Eu sempre fui a favor, ainda que fosse unilateral. Quando estava no governo, era a favor e era minoria. Fico feliz em ver que isso está andando. Também existia no governo, em épocas pregressas, uma visão de que o Brasil tinha que conservar as suas fichas de negociação. E, portanto, não cabe sair na frente. Eu era internamente acusado de ser ingênuo, com comentários do tipo 'olha só o que os outros países estão fazendo'. Mas acredito que os outros também se prejudicam com esse tipo de política. Porque, quando se está numa situação de proteção a certos setores, acaba-se, em função de distorções, desenvolvendo coisas que talvez você não devesse desenvolver. Cobra-se um preço do consumidor, aquele pequenininho, que não tem voz, porque ele acaba pagando mais por certos produtos. Quando se mede isso, as perdas são significativas.

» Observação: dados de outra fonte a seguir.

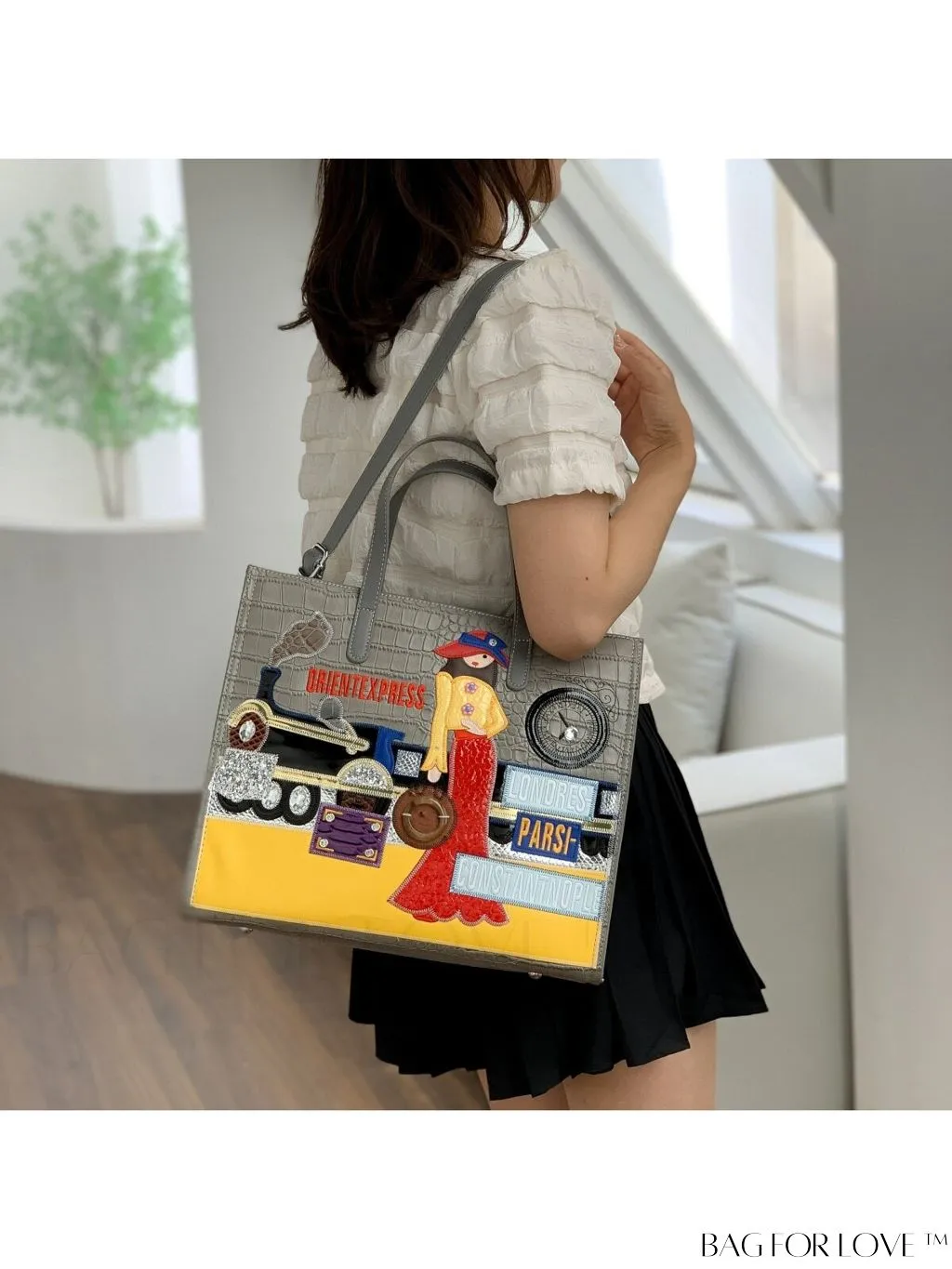BagForLove - Stylish Womens Square Bag with Embroidered Cartoon Character Design - New Arrival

Como o sr. vê essa onda de escândalos de corrupção envolvendo o PT?

O sr. inclusive foi, no passado, alvo de ataques do PT, chama do de especulador internacional.

Eu encaro isso como parte desse processo de amadurecimento. Machuca as pessoas, eu sofri durante um certo período, minha família também. Alguns casos foram realmente tristes, de perseguição a pessoas, de acusações sem razão. E muito disso aconteceu a partir da ação de uma oposição muito agressiva, aguerrida. E, infelizmente, freqüentemente injusta, embora tenha feito muita coisa boa. Agora o feitiço se voltou contra o feiticeiro. De certa maneira, é até uma ironia e eu não desejo mal a ninguém. Eu acredito que disso tudo saia um País mais maduro, um pouco mais ponderado, mas também intolerante com a corrupção, o desmando e a impressão de que os fins justificam os meios.